=== Data listing ===

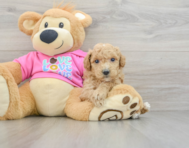 6 week old Poochon Puppy For Sale - Premier Pups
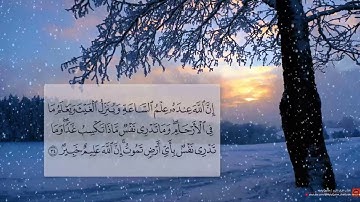 ما تيسر من سورة #لقمان 33-34 | أبوبكر #الشاطري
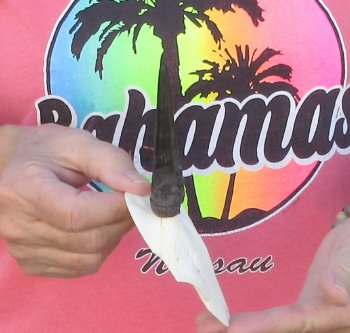 Grey Duiker Skull Plate with 3" Horns - $40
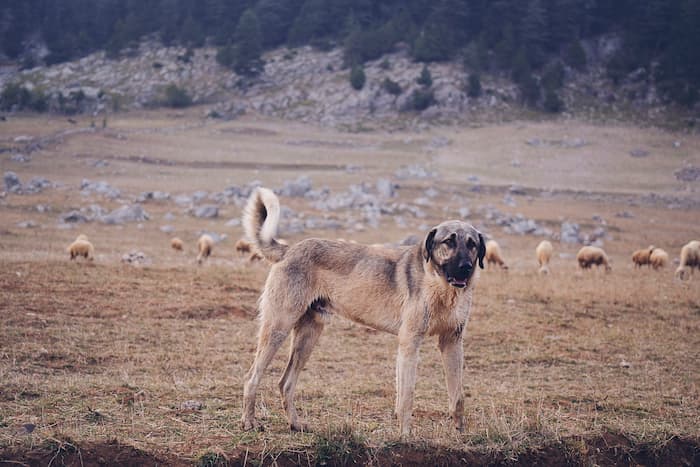 Anatolian Shepherd watches over its flock in an open pasture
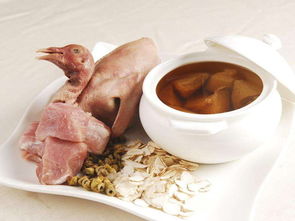 鸽子肉的营养价值高吗，鸽子肉的营养价值孕妇吃了好吗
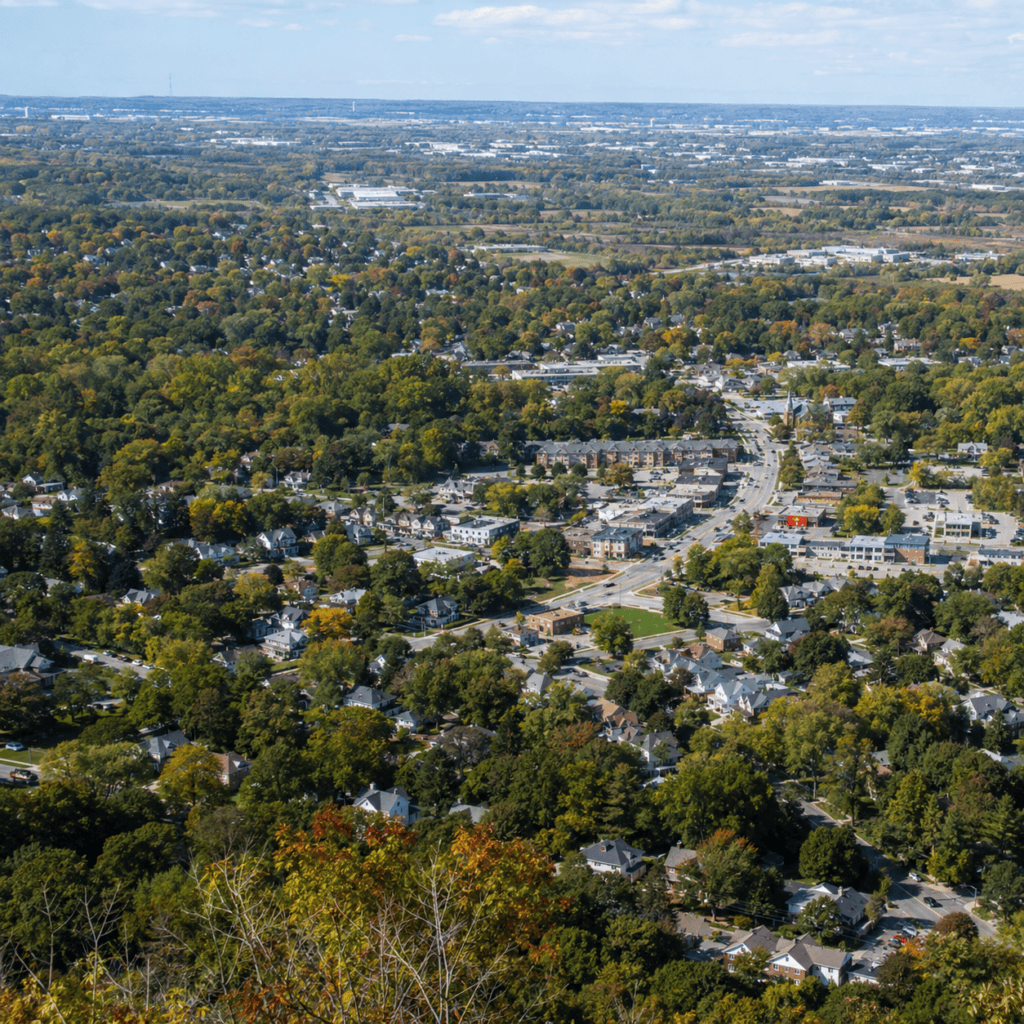 Aerial view of Hamilton with urban and green areas in autumn.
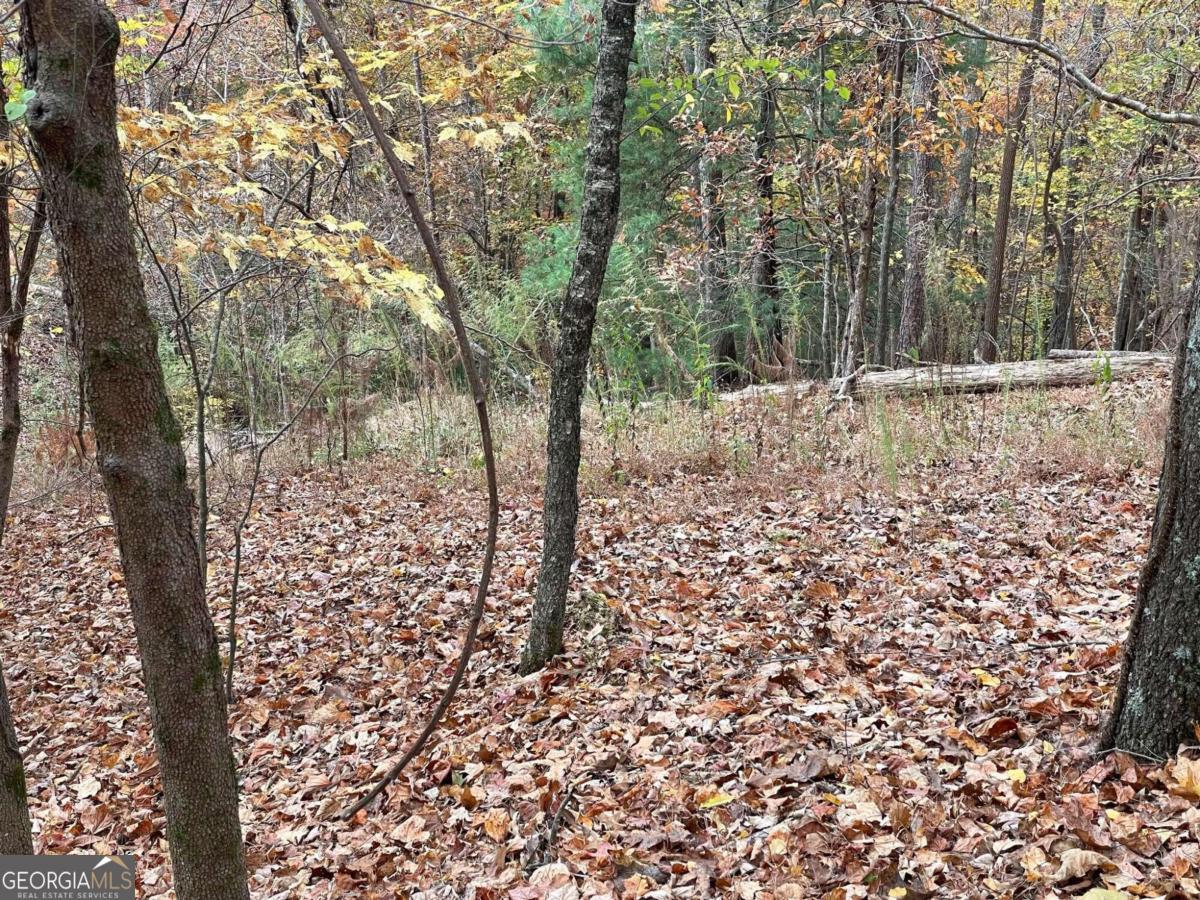 Lot 468 Cherokee Court Property Photo 4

===

● **Task to carry out**
From the line containing "Aerial view of" through the final line of the listing, copy every line exactly and nothing else. Skip the pictures.

● **Completed exercise**
 Aerial view of Hamilton with urban and green areas in autumn.
 Lot 468 Cherokee Court Property Photo 4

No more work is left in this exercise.